C5: Hummingbird Medicine (Chapman Welch) presents a series of musical materials with varying degrees of consonance and dissonance. Each of the materials is developed and then frozen in place and allowed to hover. The computer provides harmonic support and uses pitch and amplitude data from the live vibraphone to control the processing of live and synthesized input. The piece was written for and is dedicated to Patti Cudd.

chapmanwelch.com

 

C6: The Eternal West (Paul Elwood) was written for and dedicated to Patti Cudd. Expressively, the piece is informed by notions of the mythic American West emblematic of the questing spirit in both interior and exterior movement. A few lines from Thomas Pynchon (b. 1937) helped serve as a starting point for the piece. In his novel “Mason & Dixon” he describes the two explorers traveling far to the West “in perfect enfilade” until they are in sight of the Rocky Mountains. And this description resonated with a line from Arthur Rimbaud (1854-1891). In “Cities (II)” from his collection titled “Illuminations he writes: “ …the suburb loses itself strangely in the countryside, the ‘Country’ that fills the eternal West with forests and endless plantations where savage gentlemen seek distraction beneath the light they made.” (Translated by Wyatt Mason, “Rimbaud Complete,” the Modern Library, 2003.) As the explorers to the West pushed boundaries, the percussionist is asked to push boundaries of possibility in the number of things she is asked to do simultaneously through the piece.

 

C7: In many ways, King of Denmark (Morton Feldman) is an anti-percussion piece. It is to be played very softly using only the hand and fingers - no sticks or mallets. Its notation on a graph indicates how many sounds are to be played per beat and whether they are to be in high, medium, or low registers. Even though a tempo runs throughout, no rhythmic coherence emerges. Sounds simply float out, detached and weightless. One instrument has no more sonic gravity than another. These illusions come from Feldman's love of the pulsating but rhythmically directionless canvases of Mark Rothko and other American Abstract Expressionists. Directionlessness is key here. The King of Denmark is music that refuses to dictate the way it should be perceived. It simply floats in timeless ether to be looked at from any angle, any proximity, any point of view.
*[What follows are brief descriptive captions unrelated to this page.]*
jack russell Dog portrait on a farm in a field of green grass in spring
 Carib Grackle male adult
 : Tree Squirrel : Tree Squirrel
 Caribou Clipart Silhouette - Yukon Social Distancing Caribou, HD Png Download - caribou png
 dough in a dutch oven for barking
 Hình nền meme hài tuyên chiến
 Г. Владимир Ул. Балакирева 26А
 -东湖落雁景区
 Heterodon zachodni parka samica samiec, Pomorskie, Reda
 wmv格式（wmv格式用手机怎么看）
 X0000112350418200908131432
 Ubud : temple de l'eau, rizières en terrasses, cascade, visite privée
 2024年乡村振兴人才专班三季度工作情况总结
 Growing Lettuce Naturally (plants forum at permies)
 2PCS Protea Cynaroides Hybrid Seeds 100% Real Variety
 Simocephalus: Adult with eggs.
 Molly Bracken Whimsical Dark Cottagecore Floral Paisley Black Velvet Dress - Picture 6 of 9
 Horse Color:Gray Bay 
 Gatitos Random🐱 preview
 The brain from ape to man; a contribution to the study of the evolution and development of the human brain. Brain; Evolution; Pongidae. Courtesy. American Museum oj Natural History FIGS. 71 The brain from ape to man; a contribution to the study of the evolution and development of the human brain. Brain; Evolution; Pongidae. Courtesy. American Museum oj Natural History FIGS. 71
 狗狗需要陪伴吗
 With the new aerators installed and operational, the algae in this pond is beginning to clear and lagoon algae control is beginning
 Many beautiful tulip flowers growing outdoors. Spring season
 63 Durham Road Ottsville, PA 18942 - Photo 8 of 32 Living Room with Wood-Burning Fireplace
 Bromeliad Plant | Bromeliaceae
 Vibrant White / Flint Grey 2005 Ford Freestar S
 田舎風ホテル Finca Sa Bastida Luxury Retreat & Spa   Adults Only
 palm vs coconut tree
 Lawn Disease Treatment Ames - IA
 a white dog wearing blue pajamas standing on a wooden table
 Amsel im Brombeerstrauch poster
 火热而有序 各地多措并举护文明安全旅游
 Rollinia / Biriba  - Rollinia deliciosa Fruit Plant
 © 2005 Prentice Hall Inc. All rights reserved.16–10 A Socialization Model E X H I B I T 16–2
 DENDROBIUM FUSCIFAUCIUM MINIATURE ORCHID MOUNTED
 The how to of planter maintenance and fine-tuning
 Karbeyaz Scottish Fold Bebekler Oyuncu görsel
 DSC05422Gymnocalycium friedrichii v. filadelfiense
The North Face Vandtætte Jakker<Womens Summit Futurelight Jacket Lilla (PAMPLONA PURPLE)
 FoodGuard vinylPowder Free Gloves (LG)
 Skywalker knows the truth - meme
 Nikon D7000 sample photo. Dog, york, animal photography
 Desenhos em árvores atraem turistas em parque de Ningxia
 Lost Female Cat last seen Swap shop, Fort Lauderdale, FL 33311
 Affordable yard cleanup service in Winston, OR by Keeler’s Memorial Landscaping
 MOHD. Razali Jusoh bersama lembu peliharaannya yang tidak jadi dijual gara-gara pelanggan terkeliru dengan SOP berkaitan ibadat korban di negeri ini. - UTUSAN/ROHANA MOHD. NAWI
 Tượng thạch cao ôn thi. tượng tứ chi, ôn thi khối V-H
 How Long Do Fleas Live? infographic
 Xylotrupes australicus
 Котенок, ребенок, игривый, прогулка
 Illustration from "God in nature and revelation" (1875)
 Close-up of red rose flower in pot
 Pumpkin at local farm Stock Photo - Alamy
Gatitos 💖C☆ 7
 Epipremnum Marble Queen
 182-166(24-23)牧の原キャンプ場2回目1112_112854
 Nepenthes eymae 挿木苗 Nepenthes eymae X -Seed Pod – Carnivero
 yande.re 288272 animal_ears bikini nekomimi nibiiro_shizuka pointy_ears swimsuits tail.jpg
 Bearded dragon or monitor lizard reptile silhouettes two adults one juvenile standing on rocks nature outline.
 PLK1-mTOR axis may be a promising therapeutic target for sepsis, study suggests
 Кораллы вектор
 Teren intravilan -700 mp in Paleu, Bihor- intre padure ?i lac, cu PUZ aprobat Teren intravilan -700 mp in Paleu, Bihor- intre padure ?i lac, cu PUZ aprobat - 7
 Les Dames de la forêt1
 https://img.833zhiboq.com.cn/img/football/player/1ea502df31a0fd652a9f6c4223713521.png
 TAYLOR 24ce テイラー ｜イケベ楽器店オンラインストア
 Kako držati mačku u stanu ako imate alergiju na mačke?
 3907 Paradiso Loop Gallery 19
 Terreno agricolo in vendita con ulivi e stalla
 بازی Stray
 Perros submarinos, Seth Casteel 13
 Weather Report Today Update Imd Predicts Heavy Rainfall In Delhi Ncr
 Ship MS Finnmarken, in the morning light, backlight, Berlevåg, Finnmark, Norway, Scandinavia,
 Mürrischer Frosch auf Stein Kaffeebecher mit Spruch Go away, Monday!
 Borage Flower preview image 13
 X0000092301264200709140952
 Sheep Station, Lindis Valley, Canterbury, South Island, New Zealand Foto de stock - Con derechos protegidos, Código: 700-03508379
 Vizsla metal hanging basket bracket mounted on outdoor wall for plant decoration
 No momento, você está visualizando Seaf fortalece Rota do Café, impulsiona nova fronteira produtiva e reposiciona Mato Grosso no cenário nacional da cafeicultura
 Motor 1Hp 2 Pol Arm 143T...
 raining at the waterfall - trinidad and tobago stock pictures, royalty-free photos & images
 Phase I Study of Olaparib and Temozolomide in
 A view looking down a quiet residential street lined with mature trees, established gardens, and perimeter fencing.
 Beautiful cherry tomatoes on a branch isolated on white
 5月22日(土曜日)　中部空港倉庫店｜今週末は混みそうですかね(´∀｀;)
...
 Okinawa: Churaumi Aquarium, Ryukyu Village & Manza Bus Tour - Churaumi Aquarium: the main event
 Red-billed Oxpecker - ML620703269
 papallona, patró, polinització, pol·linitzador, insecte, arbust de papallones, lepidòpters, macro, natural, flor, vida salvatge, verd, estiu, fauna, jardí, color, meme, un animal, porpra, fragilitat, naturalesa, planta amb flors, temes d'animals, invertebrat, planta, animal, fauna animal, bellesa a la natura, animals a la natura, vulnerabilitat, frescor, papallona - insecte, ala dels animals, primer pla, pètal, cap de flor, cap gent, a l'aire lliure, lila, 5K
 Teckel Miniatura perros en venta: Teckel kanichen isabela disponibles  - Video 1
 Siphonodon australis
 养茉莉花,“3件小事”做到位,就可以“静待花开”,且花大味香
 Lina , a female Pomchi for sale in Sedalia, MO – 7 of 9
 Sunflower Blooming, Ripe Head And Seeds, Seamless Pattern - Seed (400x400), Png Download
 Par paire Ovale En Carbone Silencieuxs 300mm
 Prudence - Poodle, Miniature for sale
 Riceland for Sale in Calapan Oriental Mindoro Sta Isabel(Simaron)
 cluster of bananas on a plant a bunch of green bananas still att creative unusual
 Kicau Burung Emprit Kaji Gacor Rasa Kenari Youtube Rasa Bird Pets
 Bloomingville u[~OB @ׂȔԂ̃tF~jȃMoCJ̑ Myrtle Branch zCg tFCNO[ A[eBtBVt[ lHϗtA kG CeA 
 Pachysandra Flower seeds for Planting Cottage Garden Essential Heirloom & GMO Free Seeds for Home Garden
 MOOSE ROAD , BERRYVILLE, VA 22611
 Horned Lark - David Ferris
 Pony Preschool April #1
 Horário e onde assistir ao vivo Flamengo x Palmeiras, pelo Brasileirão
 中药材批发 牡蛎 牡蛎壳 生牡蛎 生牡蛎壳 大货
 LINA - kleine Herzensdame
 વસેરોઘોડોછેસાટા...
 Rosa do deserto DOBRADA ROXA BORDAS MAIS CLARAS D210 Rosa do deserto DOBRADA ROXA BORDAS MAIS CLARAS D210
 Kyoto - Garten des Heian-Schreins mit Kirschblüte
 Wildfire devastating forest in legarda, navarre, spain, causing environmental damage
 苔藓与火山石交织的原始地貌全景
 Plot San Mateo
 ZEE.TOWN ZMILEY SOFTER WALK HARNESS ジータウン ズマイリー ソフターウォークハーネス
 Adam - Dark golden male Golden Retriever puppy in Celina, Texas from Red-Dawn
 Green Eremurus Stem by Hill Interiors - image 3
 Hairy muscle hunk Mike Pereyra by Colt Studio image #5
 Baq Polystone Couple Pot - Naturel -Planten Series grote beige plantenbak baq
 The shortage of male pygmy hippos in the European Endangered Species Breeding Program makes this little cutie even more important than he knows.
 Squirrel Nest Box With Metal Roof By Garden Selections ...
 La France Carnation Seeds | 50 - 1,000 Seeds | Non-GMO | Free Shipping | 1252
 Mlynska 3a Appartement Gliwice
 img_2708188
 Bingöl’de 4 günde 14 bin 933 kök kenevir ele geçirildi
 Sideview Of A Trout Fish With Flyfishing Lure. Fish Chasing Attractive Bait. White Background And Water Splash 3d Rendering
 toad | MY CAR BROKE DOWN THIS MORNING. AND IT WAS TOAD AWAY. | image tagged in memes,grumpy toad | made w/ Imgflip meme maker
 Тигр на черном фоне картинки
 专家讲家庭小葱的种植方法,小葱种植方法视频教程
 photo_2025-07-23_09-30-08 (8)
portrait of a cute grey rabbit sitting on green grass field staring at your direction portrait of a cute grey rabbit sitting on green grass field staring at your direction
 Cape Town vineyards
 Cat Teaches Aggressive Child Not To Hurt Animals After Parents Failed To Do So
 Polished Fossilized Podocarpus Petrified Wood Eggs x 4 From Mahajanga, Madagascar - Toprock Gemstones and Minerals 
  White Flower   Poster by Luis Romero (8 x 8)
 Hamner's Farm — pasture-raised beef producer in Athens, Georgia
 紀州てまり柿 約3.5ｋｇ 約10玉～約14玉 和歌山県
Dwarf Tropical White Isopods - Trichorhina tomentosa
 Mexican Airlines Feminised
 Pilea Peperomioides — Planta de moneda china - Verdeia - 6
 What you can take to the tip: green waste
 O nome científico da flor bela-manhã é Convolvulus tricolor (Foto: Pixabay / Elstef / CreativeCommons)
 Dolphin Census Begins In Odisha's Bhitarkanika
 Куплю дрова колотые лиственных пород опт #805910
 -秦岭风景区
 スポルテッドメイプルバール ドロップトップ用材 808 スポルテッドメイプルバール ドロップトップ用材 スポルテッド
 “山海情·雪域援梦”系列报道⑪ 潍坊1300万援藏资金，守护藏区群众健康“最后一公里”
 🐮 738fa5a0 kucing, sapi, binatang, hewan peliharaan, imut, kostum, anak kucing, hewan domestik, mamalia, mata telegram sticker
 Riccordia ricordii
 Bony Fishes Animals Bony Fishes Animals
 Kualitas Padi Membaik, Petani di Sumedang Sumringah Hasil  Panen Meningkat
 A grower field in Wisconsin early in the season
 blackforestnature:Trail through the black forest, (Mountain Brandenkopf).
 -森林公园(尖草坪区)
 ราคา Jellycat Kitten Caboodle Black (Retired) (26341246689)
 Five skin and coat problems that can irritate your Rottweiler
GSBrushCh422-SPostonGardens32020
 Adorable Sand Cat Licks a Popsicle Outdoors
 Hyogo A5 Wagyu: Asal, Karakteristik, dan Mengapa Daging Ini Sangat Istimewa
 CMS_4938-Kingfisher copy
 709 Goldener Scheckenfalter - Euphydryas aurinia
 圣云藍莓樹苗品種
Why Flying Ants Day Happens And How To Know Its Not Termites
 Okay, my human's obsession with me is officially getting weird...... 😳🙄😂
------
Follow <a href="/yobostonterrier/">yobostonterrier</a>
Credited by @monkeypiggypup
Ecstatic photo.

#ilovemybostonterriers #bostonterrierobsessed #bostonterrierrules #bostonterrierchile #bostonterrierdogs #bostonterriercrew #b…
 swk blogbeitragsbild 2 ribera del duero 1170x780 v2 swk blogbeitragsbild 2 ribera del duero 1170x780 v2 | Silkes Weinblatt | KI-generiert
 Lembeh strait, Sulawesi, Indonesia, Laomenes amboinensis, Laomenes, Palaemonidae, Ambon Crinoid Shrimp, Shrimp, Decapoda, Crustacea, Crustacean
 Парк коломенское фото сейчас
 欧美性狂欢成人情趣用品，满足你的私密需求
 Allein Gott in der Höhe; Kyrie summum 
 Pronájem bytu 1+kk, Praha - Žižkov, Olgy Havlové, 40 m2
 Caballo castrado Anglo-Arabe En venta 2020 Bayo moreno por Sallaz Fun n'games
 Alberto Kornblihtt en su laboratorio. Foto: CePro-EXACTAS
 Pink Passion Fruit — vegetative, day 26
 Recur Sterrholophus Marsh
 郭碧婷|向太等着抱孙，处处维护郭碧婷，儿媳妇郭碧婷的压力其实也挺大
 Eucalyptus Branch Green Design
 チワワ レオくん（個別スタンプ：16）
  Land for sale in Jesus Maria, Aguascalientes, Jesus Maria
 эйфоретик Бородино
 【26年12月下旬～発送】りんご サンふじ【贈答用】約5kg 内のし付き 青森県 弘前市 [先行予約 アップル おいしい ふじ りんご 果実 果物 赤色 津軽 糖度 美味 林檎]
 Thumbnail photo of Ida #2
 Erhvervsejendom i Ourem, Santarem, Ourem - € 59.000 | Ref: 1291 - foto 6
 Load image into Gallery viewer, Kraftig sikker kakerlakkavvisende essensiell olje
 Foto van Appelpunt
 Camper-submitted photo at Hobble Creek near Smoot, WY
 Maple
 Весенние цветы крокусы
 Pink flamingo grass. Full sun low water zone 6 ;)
- Note written to accompany the concert series "Three Nights of Percussion" given in New York in 1998 by Steven Schick

universaledition.com/Morton-Feldman/composers-and-works/composer/220

 

C8: The Red Shoes (Pamela Madsen) commissioned by Patti Cudd, is from The Sexton Cycle, an hour-long cycle of works for soloists, ensembles, and electronics based on the poetry of Pulitzer Prize winning confessional poet Anne Sexton (1928-1974). She was a mad housewife in the fifties who, after giving birth to her child, was dissatisfied with her life. She wrote about the social confusions of growing up in the female body and of living as a woman in postwar American Society. This work conveys the inner duality and conflict of the self with society, as expressed in the poem through the cultural construct as well as through the struggle of the individual performer over the score or the composer. In the course of the work many different struggles of self vs. environment take place which are articulated by how the percussionist speaks in relationship to the multiple layers of percussion on which she is performing. The percussion set-up was constructed out of simple “found” items that were repurposed for use in the work.